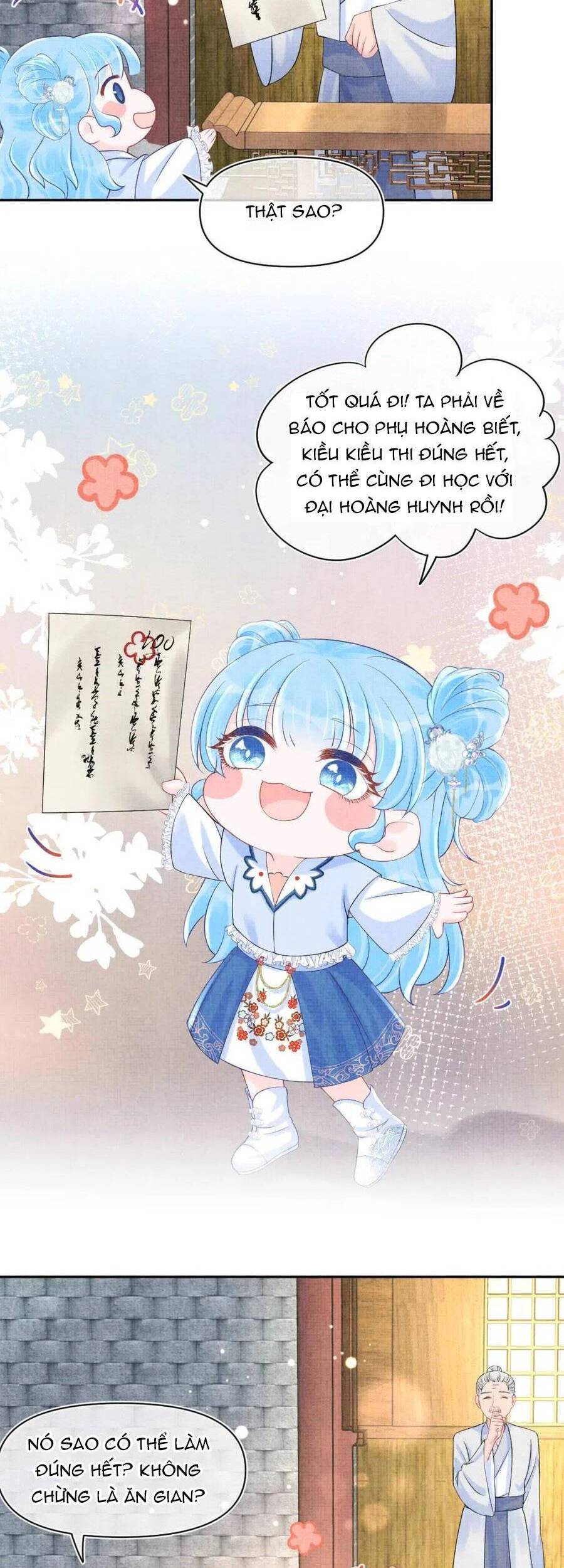 Giao Nhân Tể Tể Ba Tuổi Rồi! - Chương 88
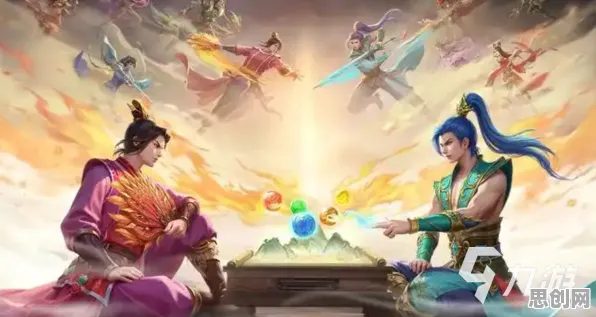 口碑炸裂的音乐节奏手游问道手游，自走棋竞技2026重磅更新开启安卓手机，对战激战百变时装，速来！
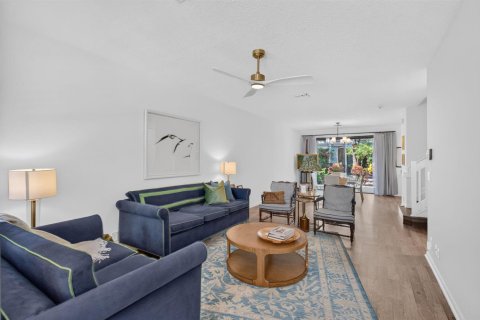 Touwnhouse à vendre à Delray Beach, Floride: 3 chambres, 172.43 m2 № 2374875 - photo 7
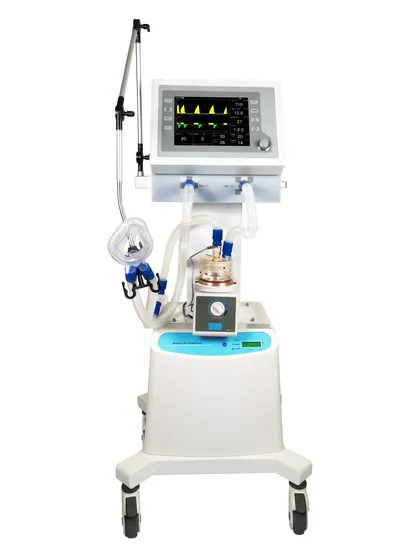 portable ventilator
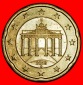 Ⰿ NORDISCHES GOLD 2007-2026:DEUTSCHLAND★20 EUROCENT 2016G ...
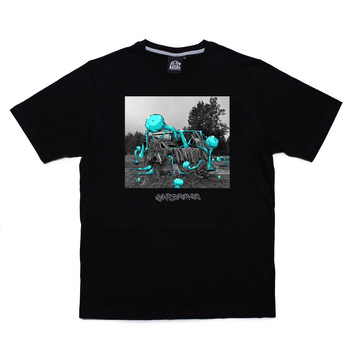 KOSZULKA JUNES PO REMONCIE 2 kolor czarny (PREORDER)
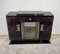 Art Deco Sideboard in Macassar Veneer, Maple and Marble, France, 1930s 4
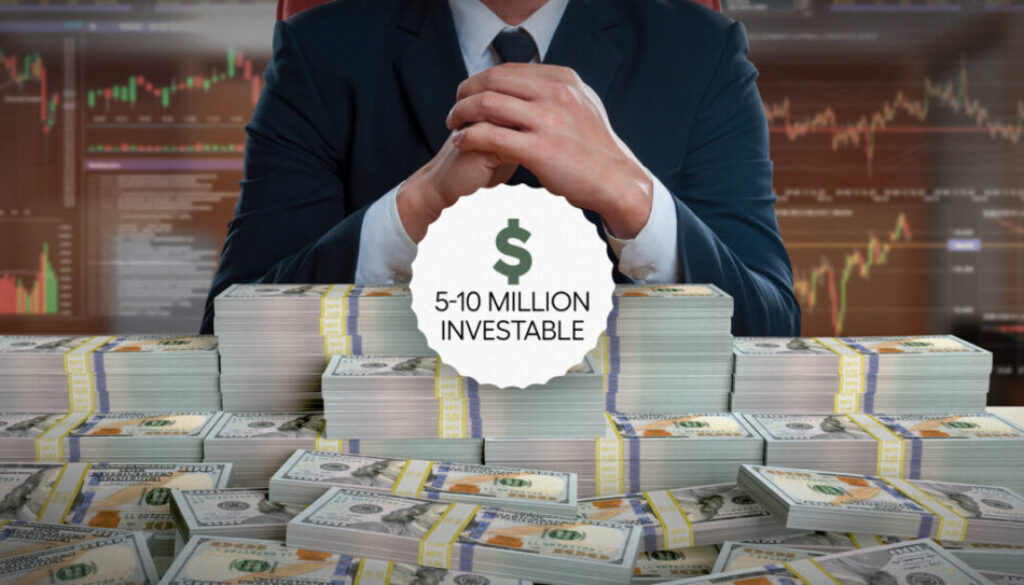 What to know about serving households with $5M to $10M in investable assets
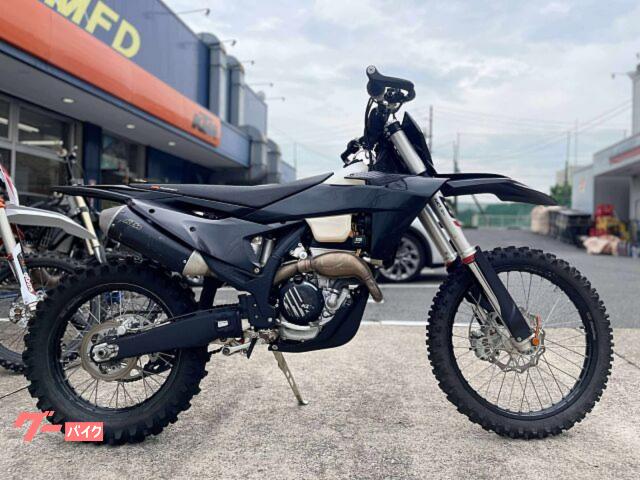 ２５０ＸＣ−Ｆ　２０２４フルモデルチェンジ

» PROBLEM REQUIREMENTS: Look above for the line with "portable ventilator" and copy exactly from it through the line with "Art Deco Sideboard", both included. Omit the pictures.

» TASK SOLUTION:
 portable ventilator
 Ⰿ NORDISCHES GOLD 2007-2026:DEUTSCHLAND★20 EUROCENT 2016G ...
 KOSZULKA JUNES PO REMONCIE 2 kolor czarny (PREORDER)
 Art Deco Sideboard in Macassar Veneer, Maple and Marble, France, 1930s 4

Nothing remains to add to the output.